Hat sich hier viel getan, damit Mitarbeitende als echte Ressource des Wandels sehen können, so sie es denn wollen?

Die benannte Gallup-Studie hat für 2018 festgestellt, dass sich 1/3 der Angestellten trotz schwerer Bedenken gegen das unternehmerische Handeln ihre Meinung dazu in den letzten 12 Monaten nicht geäußert haben. Man kann dies als mangelnde emotionale Bindung zum Unternehmen oder als Angst vor offen geäußerter Einschätzung deuten. Im schlimmsten Falle trifft beides zu.

Haltung bedeutet: Elitenwissen und -handeln abgeben

Wie weit sind wir mit unserem Wandel, wenn 2019 noch so ein Klima in den meisten Unternehmen herrscht? Wenn Vorgesetzte sich immer noch so verhalten, wie es dieses antiquierte Wort beschreibt: Sie werden VOR gesetzt. Elitäre Führungszirkel werden stets auch durch Geheimnisse zu Bündnissen, gibt es hier wirklich den Willen, zumindest das Wissen, das alle benötigen, um gut und innovativ arbeiten zu können, zu teilen? Oder kommt es – wie von mir beobachtet – bei Krisen zu dem Wunsch, wieder in die bekannten Spurrillen z. B. von Präsenzkultur und Organigrammgläubigkeit zurückzukehren? Gallup: Nur 39 Prozent sagen, dass in ihrem Unternehmen ein Klima der freien Meinungs- und Ideenäußerung herrscht. Wow. Was nützen da moderne Tools der bereichsübergreifenden Zusammenarbeit, wenn der analoge Wille zur Veränderung noch nicht mal ausgeprägt ist?

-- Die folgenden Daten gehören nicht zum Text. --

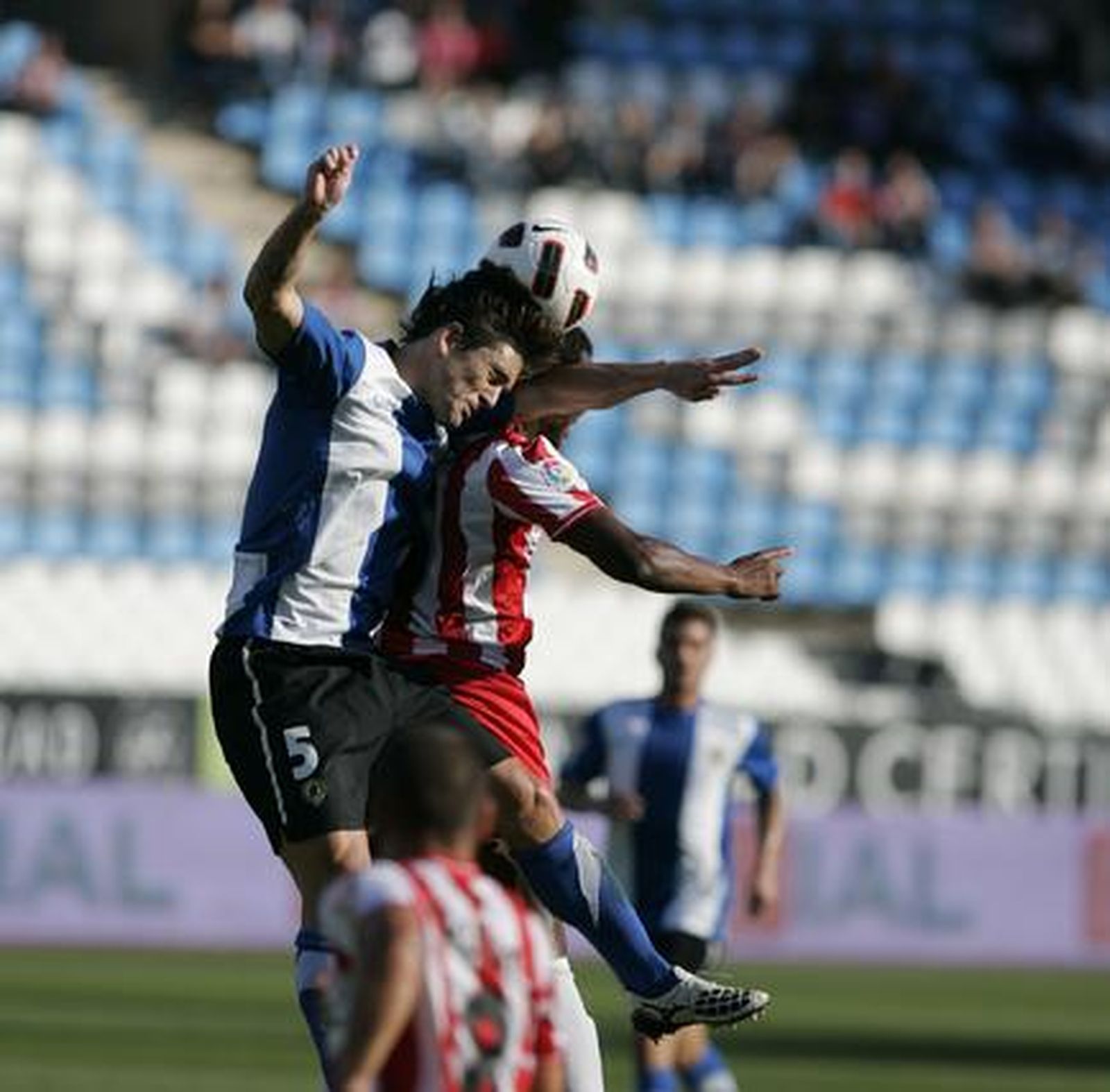 El Almería empata en casa 1-1 ante el Hércules. / Javier Alonso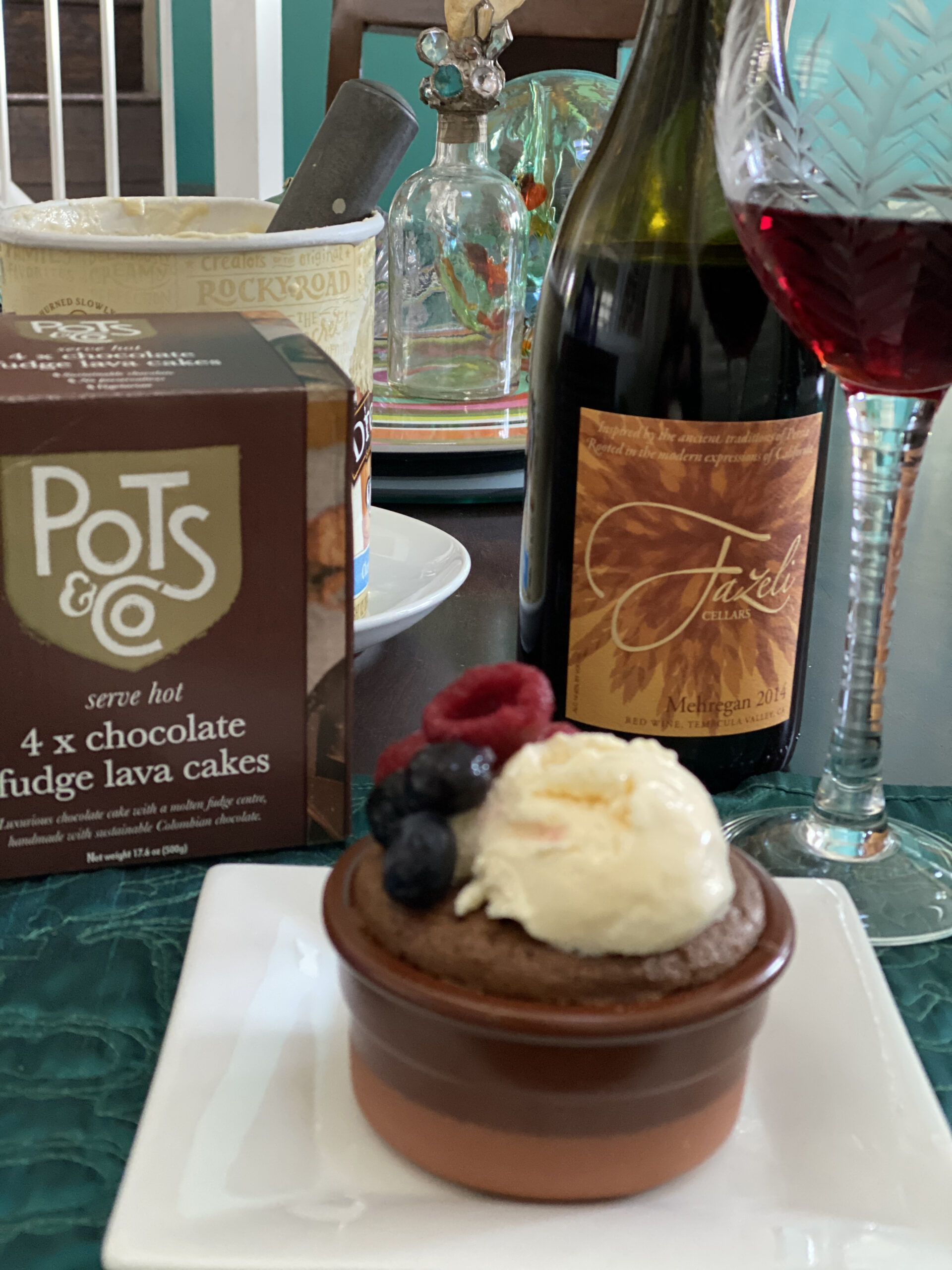 Pots & Co Chocolate Fudge Lava Cakes Offer Delightful Indulgence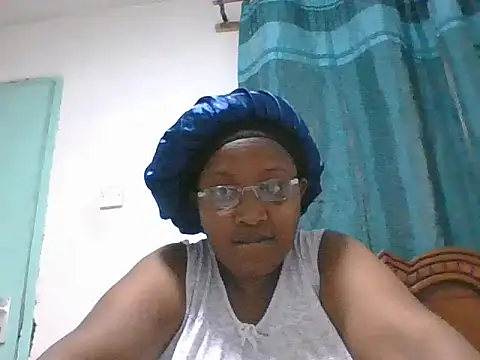Snapshot of peacechloe chatting on June 29, 2026, 7:36 pm peacechloe online show from June 29, 2026, 7:36 pm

Digitalisierung – Technik oder auch eher Haltung?

Ein Beweis, dass Digitalisierung nicht intrinsisch und damit noch nicht als Haltung in Unternehmen verankert ist, findet sich bei der civity-Studie “Eine Frage der Unternehmenskultur – Voraussetzungen für die digitale Transformation von Verkehrsunternehmen:” Die befragten Unternehmen nannten als Top-Grund für den Rückstand ihrer Digitalisierungsstrategie und -umsetzung die Unternehmenskultur. Zitat: “In den Unternehmen herrscht zumeist eine techniklastige Kultur vor, bei der der Mensch nicht ausreichend im Mittelpunkt steht. Dabei sind es die Menschen, die das Unternehmen verändern und im Zuge dessen auch ihre eigenen Einstellungen und Verhaltensweisen weiter entwickeln müssen. Digitale Transformation ist daher immer auch kulturelle Transformation.”

Was meinen Sie: Haben wir bereits die richtige Haltung zum Mobilitätswandel – und leben wir diese konsequent?